▶ [Action item]:
Once you reach the line with "OZ Ultraleggera Matt" below, copy each line exactly, stopping after the line with "Loading animation video Loading", and skip any pictures.

▶ [Supplied data]:
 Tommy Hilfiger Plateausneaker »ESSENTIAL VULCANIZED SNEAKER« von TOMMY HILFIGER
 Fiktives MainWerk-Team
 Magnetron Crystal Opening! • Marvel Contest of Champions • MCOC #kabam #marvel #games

--

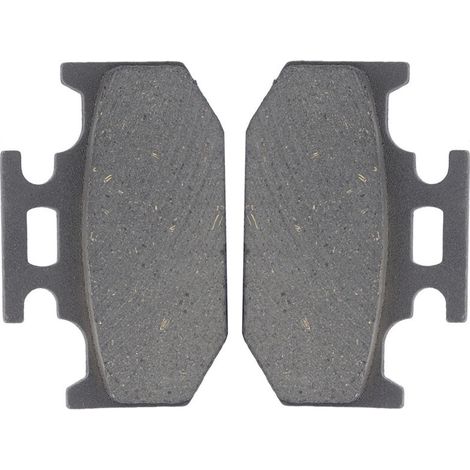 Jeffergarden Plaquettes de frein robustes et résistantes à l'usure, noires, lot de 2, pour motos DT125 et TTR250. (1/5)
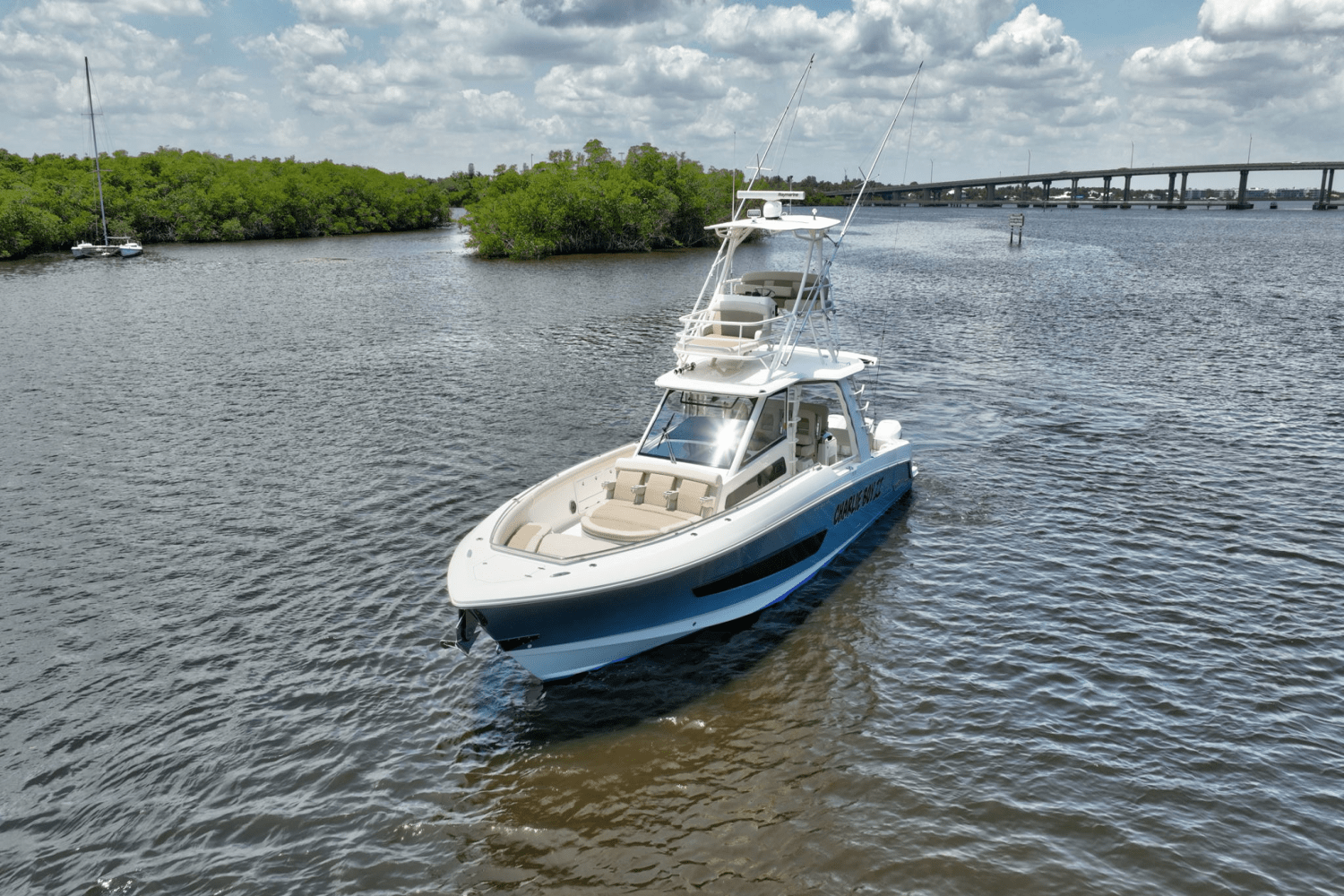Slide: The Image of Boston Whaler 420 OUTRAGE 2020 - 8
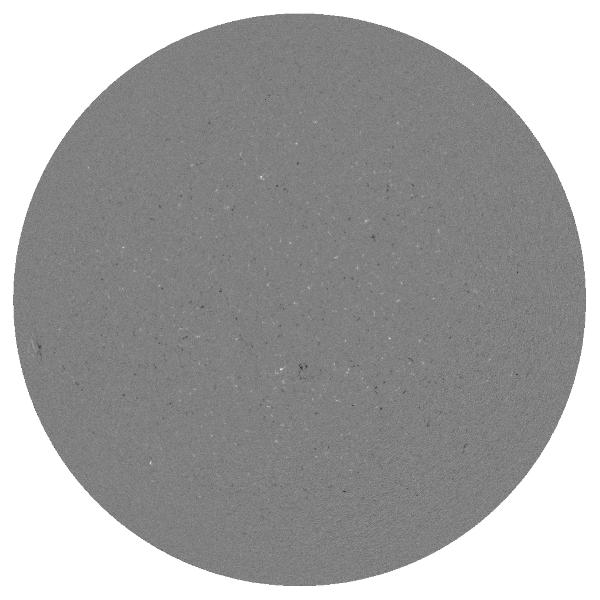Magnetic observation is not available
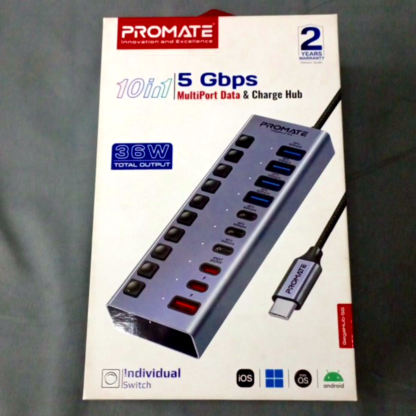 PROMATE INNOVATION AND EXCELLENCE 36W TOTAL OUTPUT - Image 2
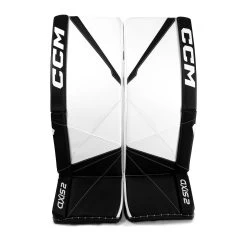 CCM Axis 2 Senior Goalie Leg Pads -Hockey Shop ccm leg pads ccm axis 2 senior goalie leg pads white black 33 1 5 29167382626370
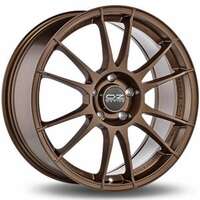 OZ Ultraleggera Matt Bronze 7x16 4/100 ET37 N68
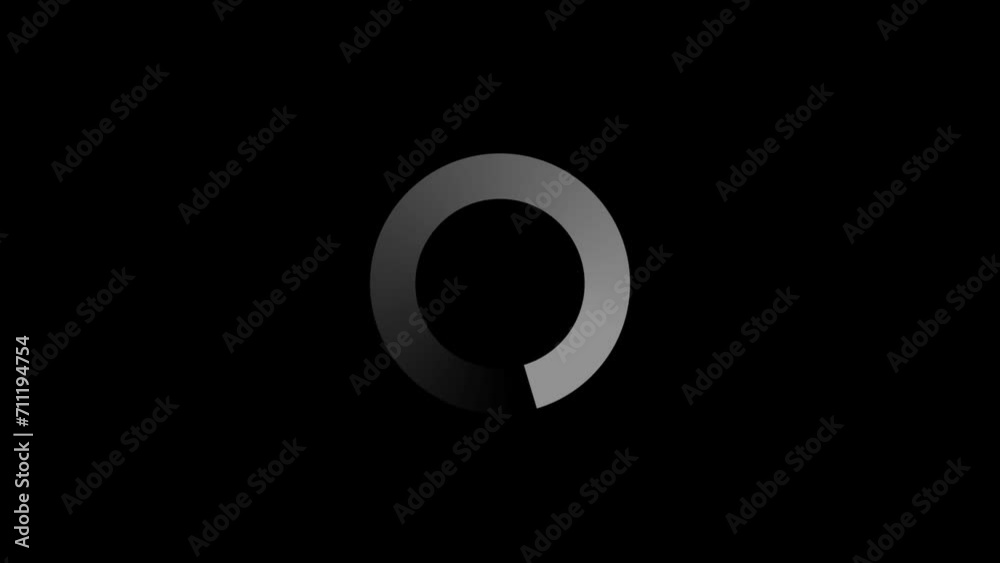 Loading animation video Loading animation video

* * *

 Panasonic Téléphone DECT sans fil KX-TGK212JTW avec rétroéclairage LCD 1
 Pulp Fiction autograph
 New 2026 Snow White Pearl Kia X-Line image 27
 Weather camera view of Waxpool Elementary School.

▶ [Exercise answer]:
 OZ Ultraleggera Matt Bronze 7x16 4/100 ET37 N68
 Loading animation video Loading animation video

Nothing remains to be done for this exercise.